THE ARTS SOCIETY ACCREDITED LECTURER

Mr Justin Reay

After officer service in the Royal Navy, Justin entered a long career in business, becoming CEO of a healthcare company, Director of European Cultural and Business Studies for a Japanese executive school at Oxford and Washington DC, and a consultant in management development. Retiring from business in 2001, he lectured and wrote on naval history and, as one of the historians working towards the bicentenary commemoration of the Battle of Trafalgar, Justin was given unprecedented access to the former Admiralty buildings in London. This encouraged him to study the History of Art and Architecture, for which he was awarded the University of Oxford’s Diploma with Distinction. He later completed a doctoral thesis on medieval naval weapons systems with the University of Exeter.

From 2002 he was senior lecturer in post-graduate marketing at Oxford FE College and is a qualified teacher. For six years from 2004 he also delivered courses in the Oxford / UCal Berkeley accredited residential schools. In 2011 he was appointed as tutor in the History of Art and Classical Civilization at leading tutorial colleges in Oxford, and also privately tutors undergraduate and post-graduate art history students.
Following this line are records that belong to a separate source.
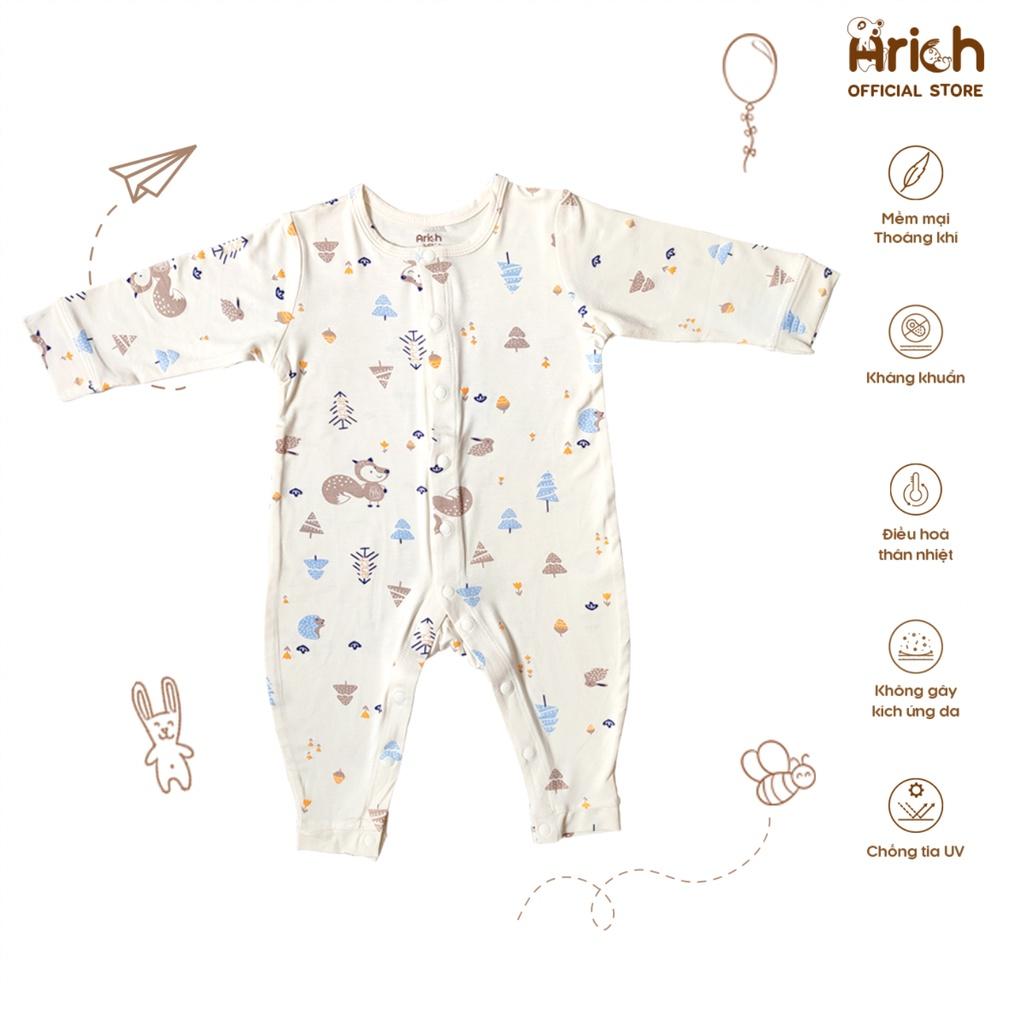 Bộ body dài tay Arich vải sợi tre (size từ newborn đến 9-12 tháng)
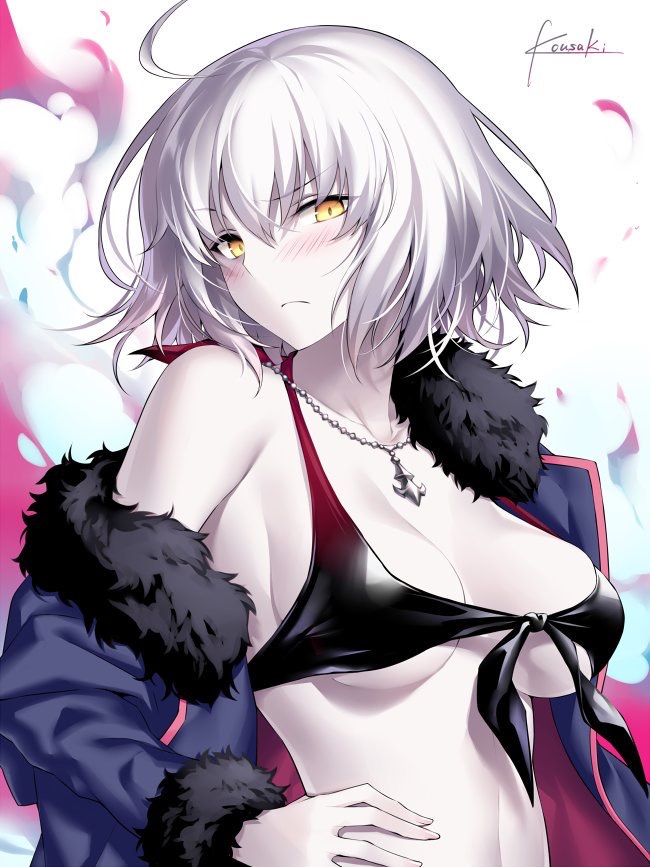 blush bra breasts dark_persona fate/grand_order fate_(series) female_only jeanne_alter kousaki_rui looking_at_viewer white_hair yellow_eyes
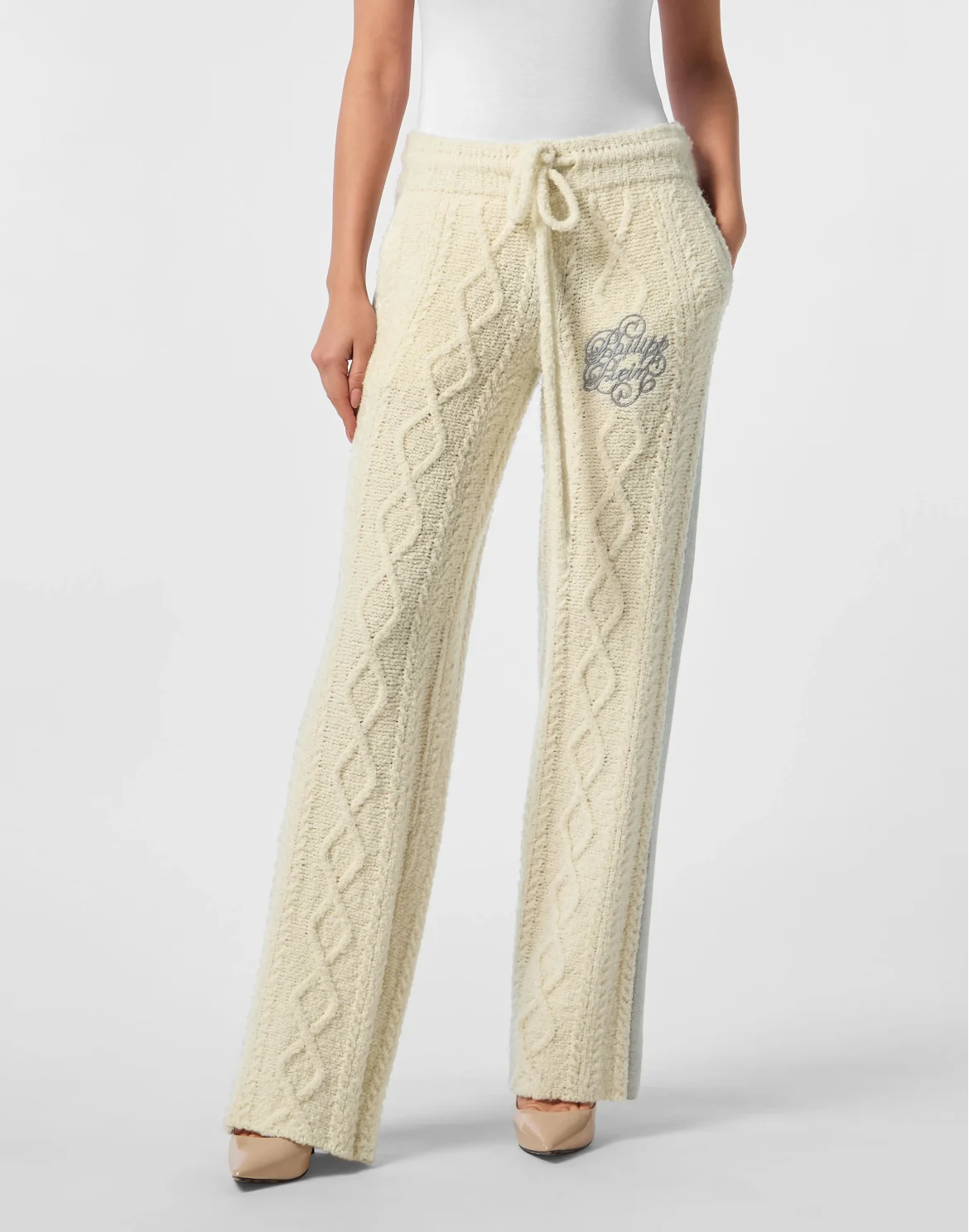Knit Straight Joggers Signature, цвет: Бежевый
Formerly a senior academic manager at the Bodleian Library, Justin is a published historian, and among his impending works are an edition of Samuel Pepys’s naval papers in the Bodleian’s collections, and a study of the Admiralty buildings in London. He is frequently engaged as an enrichment speaker on art history for a European cruise line. Justin is a Fellow of the Society of Antiquaries and of the Royal Historical Society, a Governor of the RNLI, a Founder Member of the Grinling Gibbons Society, and a member of The Arts Society Cheltenham.